And that's pretty much all it takes to get that preferences panel up and saving stuff in the user defaults. Now, to get stuff out of the user defaults, I use bindings in a way that I guess is kind of novel. Not a lot of people have done it yet.

The problem that has to be solved is that what you saw in the UI is that there's a checkbox and a number. But in the API for this document controller, there's just a number, the autosaving delay. And if the delay is zero, then it doesn't autosave. But of course, that isn't the kind of thing you would want to represent in the UI to the user directly. Type a zero if you don't want autosaving. Not good enough. So we put the checkbox, we put the custom value. So we end up with these two numbers.

We have to make them, we end up with these two values. We have to make them just one number to show it on this document controller. And the way I set it up is that I added bindings to my app delegate. Why did I put it in the app delegate? Because it was there. And, you know, this didn't deserve like a whole other class. So, and there's other ways to do this besides bindings.

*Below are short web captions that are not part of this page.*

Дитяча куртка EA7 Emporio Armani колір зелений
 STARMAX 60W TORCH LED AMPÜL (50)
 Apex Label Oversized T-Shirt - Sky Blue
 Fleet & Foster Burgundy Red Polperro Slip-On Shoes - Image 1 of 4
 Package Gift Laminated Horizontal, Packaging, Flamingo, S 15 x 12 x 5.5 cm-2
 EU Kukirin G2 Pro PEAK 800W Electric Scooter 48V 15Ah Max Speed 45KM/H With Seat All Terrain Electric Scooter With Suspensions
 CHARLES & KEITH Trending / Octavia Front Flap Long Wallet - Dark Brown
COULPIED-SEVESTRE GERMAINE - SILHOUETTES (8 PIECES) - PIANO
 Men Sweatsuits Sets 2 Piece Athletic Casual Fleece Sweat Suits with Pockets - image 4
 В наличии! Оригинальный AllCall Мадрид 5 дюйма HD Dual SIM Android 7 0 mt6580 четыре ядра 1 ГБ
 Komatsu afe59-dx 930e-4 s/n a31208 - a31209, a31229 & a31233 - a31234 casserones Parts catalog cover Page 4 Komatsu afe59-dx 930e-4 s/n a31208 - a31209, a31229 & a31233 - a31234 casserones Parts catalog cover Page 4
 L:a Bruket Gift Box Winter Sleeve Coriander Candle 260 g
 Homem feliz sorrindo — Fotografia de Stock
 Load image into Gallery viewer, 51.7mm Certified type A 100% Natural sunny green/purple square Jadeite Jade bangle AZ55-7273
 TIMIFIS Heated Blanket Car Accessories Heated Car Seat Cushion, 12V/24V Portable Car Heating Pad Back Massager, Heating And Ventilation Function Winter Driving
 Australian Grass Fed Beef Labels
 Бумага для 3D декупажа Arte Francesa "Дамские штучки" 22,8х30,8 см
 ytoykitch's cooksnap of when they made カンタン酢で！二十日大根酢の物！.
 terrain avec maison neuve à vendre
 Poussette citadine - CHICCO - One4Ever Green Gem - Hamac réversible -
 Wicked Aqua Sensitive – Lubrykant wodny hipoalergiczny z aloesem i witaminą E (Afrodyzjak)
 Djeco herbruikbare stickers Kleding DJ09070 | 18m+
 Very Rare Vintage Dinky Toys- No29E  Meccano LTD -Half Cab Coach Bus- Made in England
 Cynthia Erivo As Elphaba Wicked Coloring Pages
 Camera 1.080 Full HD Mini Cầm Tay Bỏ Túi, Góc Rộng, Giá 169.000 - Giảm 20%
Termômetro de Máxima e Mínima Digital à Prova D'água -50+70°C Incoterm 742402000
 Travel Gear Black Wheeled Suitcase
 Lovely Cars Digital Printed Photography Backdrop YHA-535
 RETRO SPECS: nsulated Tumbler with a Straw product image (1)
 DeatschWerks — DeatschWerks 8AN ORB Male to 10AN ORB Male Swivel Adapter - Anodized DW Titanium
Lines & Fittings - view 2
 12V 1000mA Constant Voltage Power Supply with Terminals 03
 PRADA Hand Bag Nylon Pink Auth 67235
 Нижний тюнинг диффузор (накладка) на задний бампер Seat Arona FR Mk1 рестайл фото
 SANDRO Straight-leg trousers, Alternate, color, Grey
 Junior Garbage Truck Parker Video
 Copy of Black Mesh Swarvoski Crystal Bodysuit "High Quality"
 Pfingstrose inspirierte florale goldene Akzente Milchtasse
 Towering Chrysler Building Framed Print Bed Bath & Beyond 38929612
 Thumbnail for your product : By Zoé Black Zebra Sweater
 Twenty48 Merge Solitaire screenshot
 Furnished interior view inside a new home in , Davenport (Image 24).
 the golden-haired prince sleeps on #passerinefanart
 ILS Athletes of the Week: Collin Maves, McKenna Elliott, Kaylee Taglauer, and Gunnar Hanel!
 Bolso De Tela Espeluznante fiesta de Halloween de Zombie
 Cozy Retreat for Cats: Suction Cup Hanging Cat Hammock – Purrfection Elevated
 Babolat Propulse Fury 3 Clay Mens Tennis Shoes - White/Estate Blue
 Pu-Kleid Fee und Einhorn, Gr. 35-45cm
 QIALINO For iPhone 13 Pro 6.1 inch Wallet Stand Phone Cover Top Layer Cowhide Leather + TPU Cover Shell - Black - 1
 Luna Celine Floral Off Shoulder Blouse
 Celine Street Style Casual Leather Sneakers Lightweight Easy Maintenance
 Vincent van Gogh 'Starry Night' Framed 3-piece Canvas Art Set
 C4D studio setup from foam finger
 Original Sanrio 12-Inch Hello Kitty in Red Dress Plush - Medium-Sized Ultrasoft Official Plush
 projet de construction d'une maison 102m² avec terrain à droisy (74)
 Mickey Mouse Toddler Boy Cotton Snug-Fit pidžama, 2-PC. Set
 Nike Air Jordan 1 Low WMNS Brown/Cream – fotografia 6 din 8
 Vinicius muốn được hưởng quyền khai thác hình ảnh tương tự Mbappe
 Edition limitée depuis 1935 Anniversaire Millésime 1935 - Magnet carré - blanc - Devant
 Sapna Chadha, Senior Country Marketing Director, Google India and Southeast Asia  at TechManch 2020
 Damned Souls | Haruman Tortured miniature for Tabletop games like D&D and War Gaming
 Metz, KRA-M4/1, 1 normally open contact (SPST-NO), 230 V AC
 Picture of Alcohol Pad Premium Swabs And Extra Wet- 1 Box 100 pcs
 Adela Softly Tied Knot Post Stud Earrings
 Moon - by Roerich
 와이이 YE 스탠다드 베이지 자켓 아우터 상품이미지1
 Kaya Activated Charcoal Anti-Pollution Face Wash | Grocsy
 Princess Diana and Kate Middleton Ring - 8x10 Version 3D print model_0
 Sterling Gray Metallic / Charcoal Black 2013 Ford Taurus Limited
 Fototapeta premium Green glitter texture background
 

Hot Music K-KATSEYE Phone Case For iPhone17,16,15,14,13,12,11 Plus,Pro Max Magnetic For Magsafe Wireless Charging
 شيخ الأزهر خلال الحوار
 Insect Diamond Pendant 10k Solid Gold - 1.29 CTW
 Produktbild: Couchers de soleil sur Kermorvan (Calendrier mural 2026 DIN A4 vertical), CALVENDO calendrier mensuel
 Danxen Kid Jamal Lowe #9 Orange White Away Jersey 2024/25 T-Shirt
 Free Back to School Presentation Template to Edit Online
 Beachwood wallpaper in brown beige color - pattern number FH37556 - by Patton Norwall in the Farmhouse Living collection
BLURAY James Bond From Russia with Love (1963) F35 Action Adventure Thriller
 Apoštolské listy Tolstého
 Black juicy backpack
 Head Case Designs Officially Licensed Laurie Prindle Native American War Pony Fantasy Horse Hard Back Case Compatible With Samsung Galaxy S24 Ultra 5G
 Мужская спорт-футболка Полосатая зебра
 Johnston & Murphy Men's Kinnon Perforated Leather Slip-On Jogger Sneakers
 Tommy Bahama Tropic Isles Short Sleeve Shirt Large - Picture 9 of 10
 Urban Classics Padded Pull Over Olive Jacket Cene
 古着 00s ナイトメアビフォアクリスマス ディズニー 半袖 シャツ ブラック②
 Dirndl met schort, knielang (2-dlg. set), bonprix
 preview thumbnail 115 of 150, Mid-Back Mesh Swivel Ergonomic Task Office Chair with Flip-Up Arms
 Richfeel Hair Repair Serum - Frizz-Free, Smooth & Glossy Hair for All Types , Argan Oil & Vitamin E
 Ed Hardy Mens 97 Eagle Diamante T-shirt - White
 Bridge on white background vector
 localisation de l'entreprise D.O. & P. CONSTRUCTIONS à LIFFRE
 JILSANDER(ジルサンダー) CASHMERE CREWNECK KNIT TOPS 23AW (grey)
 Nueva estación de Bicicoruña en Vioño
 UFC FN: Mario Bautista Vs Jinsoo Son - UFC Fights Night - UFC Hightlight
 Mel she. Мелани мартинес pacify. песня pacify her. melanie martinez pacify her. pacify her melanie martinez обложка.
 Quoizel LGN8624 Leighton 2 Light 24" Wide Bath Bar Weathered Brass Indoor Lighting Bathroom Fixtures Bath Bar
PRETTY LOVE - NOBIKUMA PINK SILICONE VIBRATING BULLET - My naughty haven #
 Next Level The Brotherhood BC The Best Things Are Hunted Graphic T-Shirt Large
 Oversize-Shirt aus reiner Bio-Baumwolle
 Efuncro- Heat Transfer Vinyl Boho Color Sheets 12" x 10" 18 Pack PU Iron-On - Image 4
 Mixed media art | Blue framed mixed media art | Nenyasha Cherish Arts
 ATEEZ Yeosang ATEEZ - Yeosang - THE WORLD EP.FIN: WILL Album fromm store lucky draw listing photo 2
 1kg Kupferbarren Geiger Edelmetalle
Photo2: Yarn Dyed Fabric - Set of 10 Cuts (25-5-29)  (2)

But I was kind of experimenting a little bit. So what we did is an interesting feature. What we did is take advantage of an interesting feature of the default. Implementation of key value binding. If you bind an object, any doc, any object, even like the app delegate like this.

And it doesn't have, you know, binding support already. The default implementation of key-value binding will just use key-value coding to set the value as it's changed. So we bind our-- Our app delegate to the user defaults using this key, it's just, it's the same, The key is autosaving documents, and there's another one, autosave delay. And we just use the same key that we're using to put it in the user defaults.

So we bind the app delegate directly to the user defaults. Now because we bound that, what that means is that key value binding is going to use key value coding to tell the app delegate when the value changes. So we have to be key value coding compliant for these two keys, the autosave documents, yes or no, and the autosave delay. And all we had to do to do that was to add two methods, autosaving documents and set autosave delay.

So, and in both cases, they do the right thing. It boils down to an invocation of this NSDocument controller method, setAutoSavingDelay. So if autosaving, then we set the delay to the real number of users typed in. If that checkbox is not checked, then we just set it to zero. So actually, you can see these get invoked.

[Transcript missing]

I don't know if you can see this too well, but it's invoking our set autosaving delay method. And what happened is basically the value went from bindings. It got set in the user defaults, and because user defaults is KVO compliant, you know, observable for a number of things, it bounced right back up into this bindings that we'd added to the app delegate.

So is this definitely the least code way to do this? I'm not really sure, but at least we didn't have to write anything that directly, you know, read or wrote to user defaults. So, and we'll set the value to something nice and short. We're not going to wait a minute here to see auto saving happen. And before we start pretending to crash the app, we should probably save that in defaults.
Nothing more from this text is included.